Alles ist jetzt möglich im ärmsten reichen Land der Welt. Ein zweiter Mauerfall. Ein weiterer "arabischer Frühling" mit allen bekannten Konsequenzen. Ein Blutbad. Oder die Verhaftung des wagemutigen, jungen Parlamentspräsidenten Guaidó, ein Ende der Demonstrationen und ein Rückfall in die quälende Resignation der vergangenen Monate.
Juan Guaidó hat innerhalb weniger Wochen einen Stimmungsumschwung in Venezuela erzeugt, mit dem kaum jemand gerechnet hatte. Er gab dem von der chavistischen Staatsmacht kalt gestellten frei gewählten Parlament neues Gewicht, er schaffte es, die zersplitterte Opposition hinter sich zu vereinen. Und er ging in die traditionell chavistisch gesinnten Armenviertel und fand auch dort Unterstützung. Guaidó, der schon als Studentenführer den Dialog mit den Anhängern des politischen Gegners suchte, schien der richtige Mann für einen Wandel. Und er ist verfassungsgemäß zumindest übergangsweise der legitime Staatschef Venezuelas, weil der bis Anfang Januar durchaus rechtmäßig amtierende Präsident Maduro seine inzwischen begonnene zweite Amtszeit nur einer jedem demokratischen Prinzip widersprechenden Scheinwahl zu verdanken hat.
Ist die Unterstützung der USA hilfreich?
Dennoch ist der Schritt, den er mit seiner öffentlichen Selbstausrufung zum Präsidenten unternommen hat, mehr als riskant. Insbesondere die demonstrative Unterstützung aus den USA ist ein zweischneidiges Schwert. Die USA haben zweifelsohne gewaltiges Gewicht in Lateinamerika, aber die Geschichte ihrer Interventionspolitik wirft lange Schatten. Jede Hilfe aus den USA liefert den chavistischen Hardlinern um Maduro neue Argumente und nährt die Legende, dass Venezuelas Misere nur einem US-geführten "Wirtschaftskrieg" geschuldet sei. Dass Guaidó seine Aktion ganz offensichtlich mit der US-Regierung abgestimmt hat - nur Minuten danach twitterte US-Präsident Trump seine Anerkennung - macht die Situation nicht einfacher.
Zwar ist die Mehrzahl der lateinamerikanischen Staaten, Kanada und der Generalsekretär der Organisation Amerikanischer Staaten beinahe ebenso schnell einer offiziellen Anerkennung Guiadós gefolgt, aber ein Schwergewicht fehlt: Mexiko. Der neue linkspopulistische Präsident López Obrador akzeptiert weiterhin nur Maduro als Staatsoberhaupt. Die Europäische Union agiert vorsichtig: Mit der Forderung nach freien Wahlen und einer klar ausgesprochenen Unterstützung des Parlaments ist noch keine offizielle Anerkennung Guaidós verbunden.

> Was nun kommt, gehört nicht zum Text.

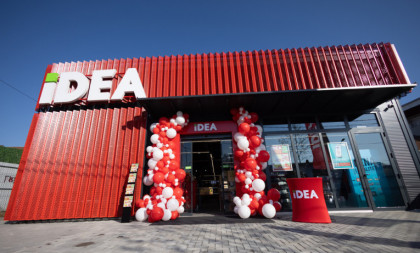 Otvorena IDEA u Vrnjačkoj Banji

Aber entscheidend für das Überleben des chavistischen Regimes sind Russland und China. Für beide ist Venezuela ein strategisch wichtiger Brückenkopf, um ihre geopolitische Macht auch auf den amerikanischen Kontinent auszudehnen. Beide finanzieren den Staatsapparat in Caracas seit Jahren mit großzügigen Krediten, der Großteil der gigantischen venezolanischen Ölreserven ist bereits verpfändet. Russland führte erst vor kurzem Militärübungen in Venezuela durch und ließ dafür Kampfjets einfliegen.
Wie verhält sich der Sicherheitsapparat?
Sollte die US-Außenpolitik nicht nur das lautstarke Säbelrasseln beherrschen, sondern sich im Hintergrund diskret mit China verständigt haben oder es zumindest jetzt noch versuchen, bestünde Hoffnung für eine friedliche Lösung in Venezuela. Doch die Wahrscheinlichkeit dafür ist gering.
So wird in den nächsten Stunden und Tagen zunächst alles davon abhängen, wie sich die berüchtigten "colectivos", die chavistischen Schlägertrupps, und der Geheimdienst verhalten. Die Haltung des Militärs ist nicht eindeutig. Verteidigungsminister Padrino ließ sich öffentlich nicht blicken und twitterte lediglich, die Soldaten würden einen selbsternannten Präsidenten nicht unterstützen, sondern die Verfassung und die Souveränität Venezuelas verteidigen. Eine Unterstützung für Maduro war das nicht.
Alles ist jetzt möglich in Venezuela.